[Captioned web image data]
^^^^^^^^
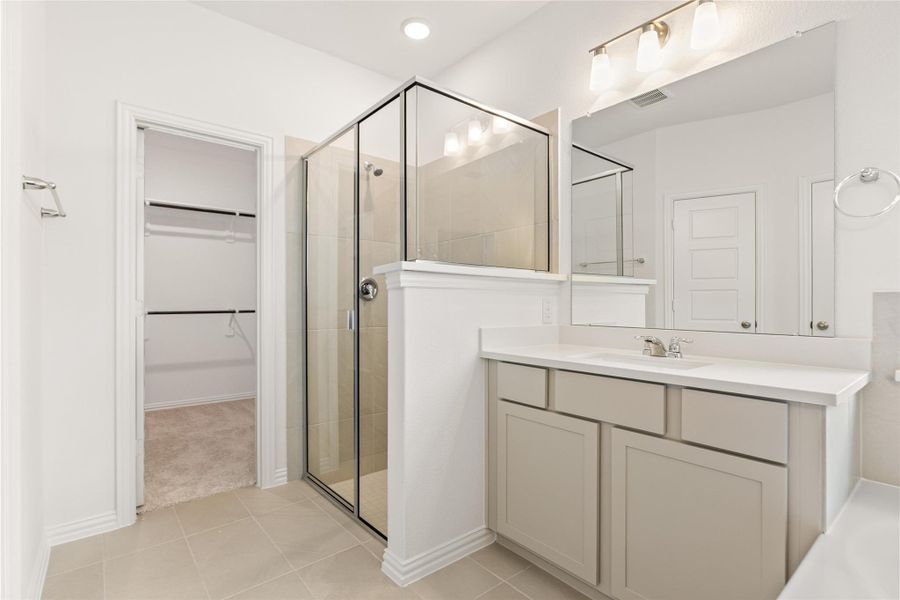 Furnished interior view inside a new home in Coastal Point, League City (Image 11).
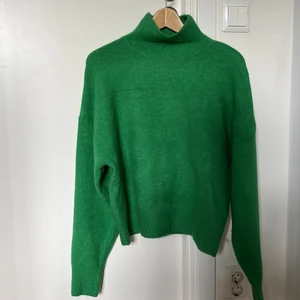 Grön stickad tröja zara - En grön stickad tröja ifrån zara. Sparsamt använt! Storlek S men oversized 
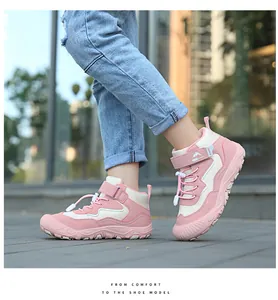 Rosa halbhohe Kinder-Wanderschuhe mit Klettverschluss und rutschfester Gummisohle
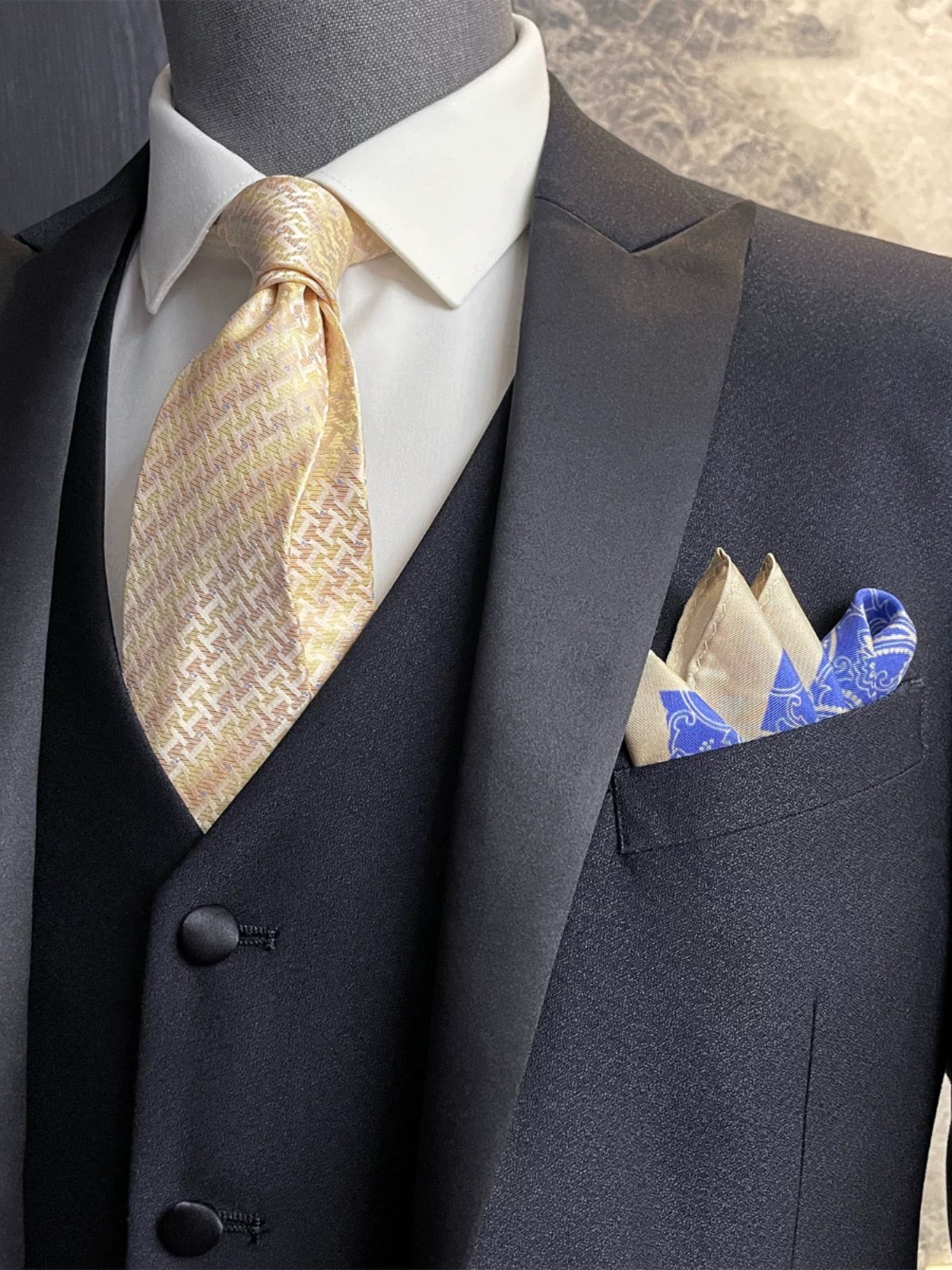 GoldSun Suit Tie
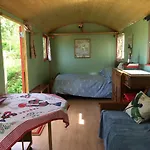 Rosa The Cosy - Gypsy Wagon - Shepherds Hut, River Views Off-grid Eco Living بيت للعطل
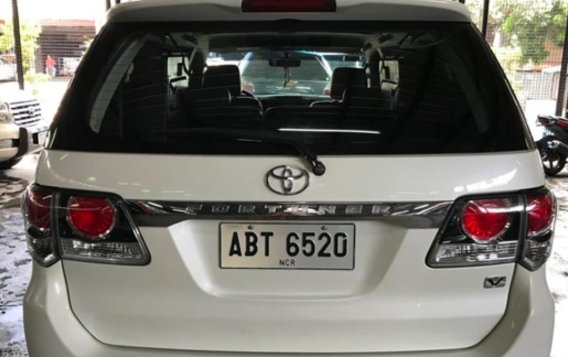 Pearl White 2015 Toyota Fortuner Diesel Automatic for sale in Quezon City-3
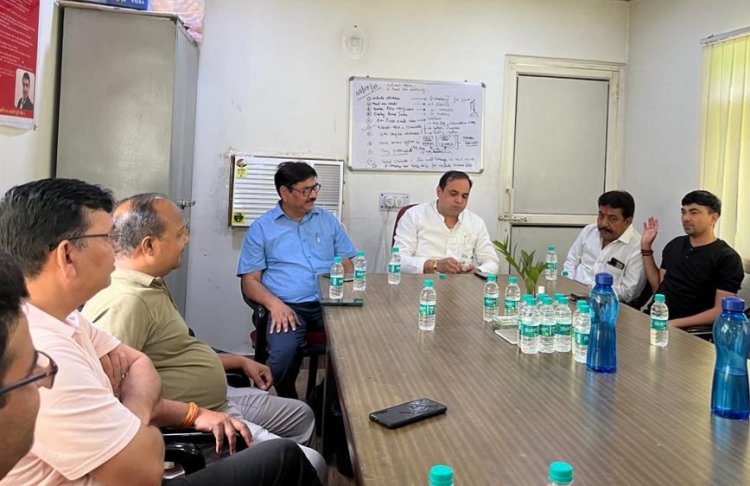 सेक्टर 82 में चाय पे चर्चा में पहुंचे फोनरवा अध्यक्ष योगेंद्र शर्मा, सुनी सेक्टर की समस्याएं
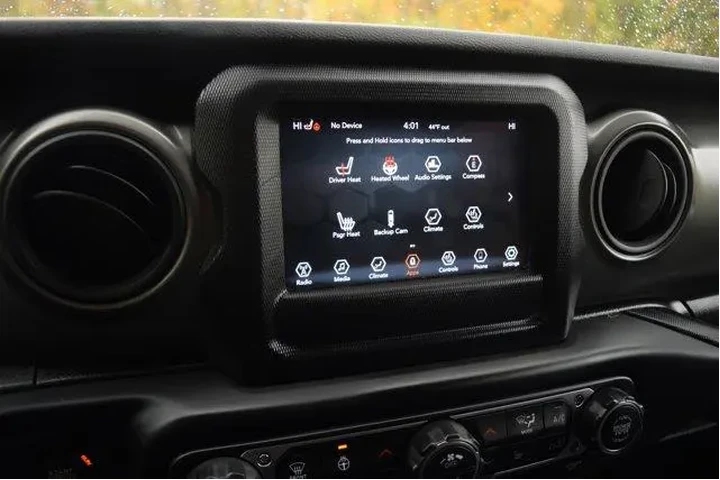 $26500 : Jeep Wrangler 2023 4x4 Sport image 9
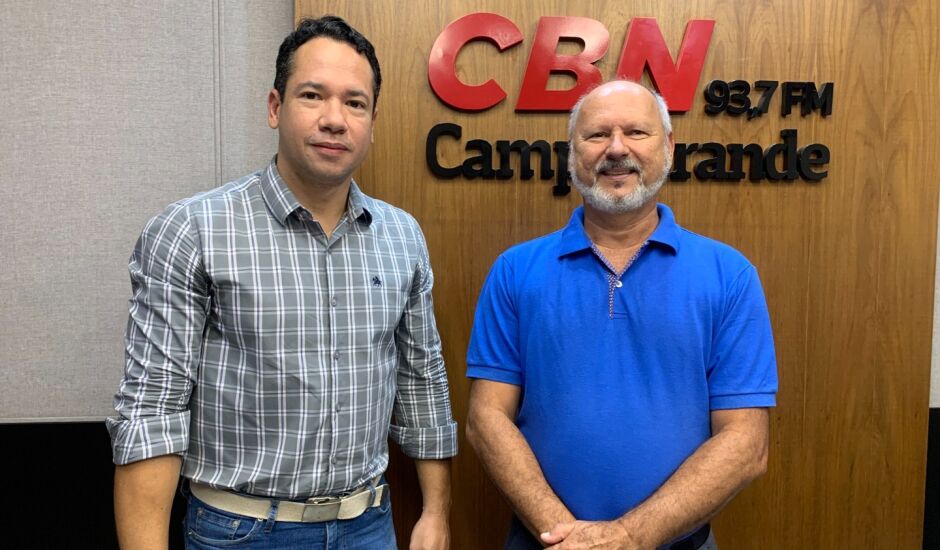Fabiano Reis e Celso Régis no estúdio da rádio CBN CG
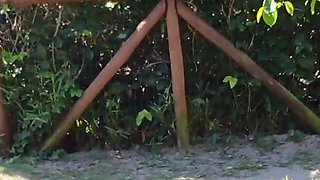 Risky Handjob for a Hot Babe in the Park!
^^^^^^^^
• [REQUIRED ACTION]: Please print the entries shown above again, exactly, and skip the pictures.

• [TASK SOLUTION]:
 Furnished interior view inside a new home in Coastal Point, League City (Image 11).
 Grön stickad tröja zara - En grön stickad tröja ifrån zara. Sparsamt använt! Storlek S men oversized 
 Rosa halbhohe Kinder-Wanderschuhe mit Klettverschluss und rutschfester Gummisohle
 GoldSun Suit Tie
 Rosa The Cosy - Gypsy Wagon - Shepherds Hut, River Views Off-grid Eco Living بيت للعطل
 Pearl White 2015 Toyota Fortuner Diesel Automatic for sale in Quezon City-3
 सेक्टर 82 में चाय पे चर्चा में पहुंचे फोनरवा अध्यक्ष योगेंद्र शर्मा, सुनी सेक्टर की समस्याएं
 $26500 : Jeep Wrangler 2023 4x4 Sport image 9
Fabiano Reis e Celso Régis no estúdio da rádio CBN CG
 Risky Handjob for a Hot Babe in the Park!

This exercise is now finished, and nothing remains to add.